Simons Institute | O(log s)-Approximate Nearest Neighbor Search for the Earth Mover's Distance
Rajesh Jayaram (Google Research NYC)
Extroverted Sublinear Algorithms

In this talk, we discuss the first improvement in approximation for nearest neighbor search under the Earth Mover’s Distance (EMD) in over a decade. Given two sets of s vectors A,B in high dimensional space (R^d), the EMD between A and B is the minimum cost of a perfect matching between the vectors in A and B where the edge weights are given by the distances in Euclidean space. EMD is a classic metric in computer science (dating back over 100 years to the Hungarian algorithm of Jacobi), and a standard distance between two sets of points. In nearest neighbor search, one has a collection of n such sets A1,...,An, which one pre-processes so that given a query set Q, one can quickly return a set Ai whose distance (under EMD) is within a C-factor of the nearest neighbor to Q.
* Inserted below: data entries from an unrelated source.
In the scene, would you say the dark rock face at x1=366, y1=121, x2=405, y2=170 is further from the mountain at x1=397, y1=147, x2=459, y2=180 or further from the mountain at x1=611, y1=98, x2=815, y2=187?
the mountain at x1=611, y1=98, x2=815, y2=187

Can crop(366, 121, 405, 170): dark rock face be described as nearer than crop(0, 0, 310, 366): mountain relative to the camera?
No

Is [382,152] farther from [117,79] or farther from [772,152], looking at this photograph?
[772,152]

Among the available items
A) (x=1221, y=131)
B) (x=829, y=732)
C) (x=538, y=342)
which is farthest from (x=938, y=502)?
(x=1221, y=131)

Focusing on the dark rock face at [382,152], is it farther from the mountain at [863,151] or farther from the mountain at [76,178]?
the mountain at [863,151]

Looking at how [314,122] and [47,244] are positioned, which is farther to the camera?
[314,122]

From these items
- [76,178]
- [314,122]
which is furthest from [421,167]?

To date, the only algorithm with sublinear O(n^eps) query time was given by Andoni, Indyk, and Krauthgamer ([AIK, SODA 08]), who designed a (data-independent) locality sensitive hash function (LSH) for EMD with approximation O(log^2 s). In this work, we improve this approximation to Õ(log s) in the same runtime by designing the first data-dependent LSH functions for EMD. The talk will discuss the main techniques behind sublinear algorithms for EMD, including the tree embeddings techniques of [AIK’08] and [Chen, Jayaram, Levi, Waingarten STOC ‘22], as well as the key insights needed to glue them together into a improved LSH for EMD.

Joint work with Erik Waingarten and Tian Zhang (STOC ‘24, arxiv.org/abs/2403.05041).